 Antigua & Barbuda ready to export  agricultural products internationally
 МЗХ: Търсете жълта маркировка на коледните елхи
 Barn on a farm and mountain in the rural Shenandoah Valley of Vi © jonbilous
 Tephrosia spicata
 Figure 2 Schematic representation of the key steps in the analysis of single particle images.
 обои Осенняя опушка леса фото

* * *

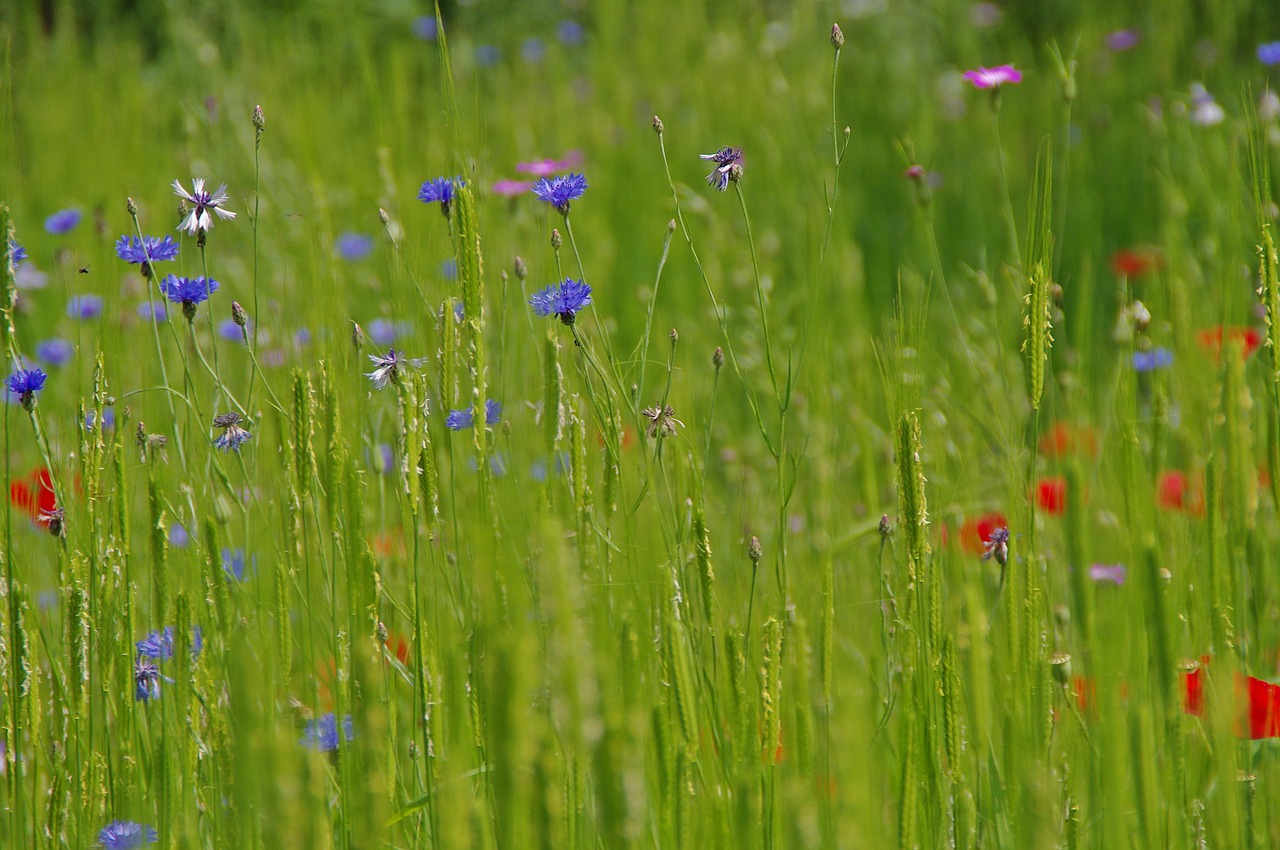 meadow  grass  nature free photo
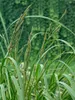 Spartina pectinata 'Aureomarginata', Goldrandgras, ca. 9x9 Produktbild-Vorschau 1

- How to complete this task: In the entries above, the lines from the one bearing "Barn on a farm" up to and including the one bearing "обои Осенняя опушка леса фото" should be transcribed exactly; no other line is wanted.

- Result:
 Barn on a farm and mountain in the rural Shenandoah Valley of Vi © jonbilous
 Tephrosia spicata
 Figure 2 Schematic representation of the key steps in the analysis of single particle images.
 обои Осенняя опушка леса фото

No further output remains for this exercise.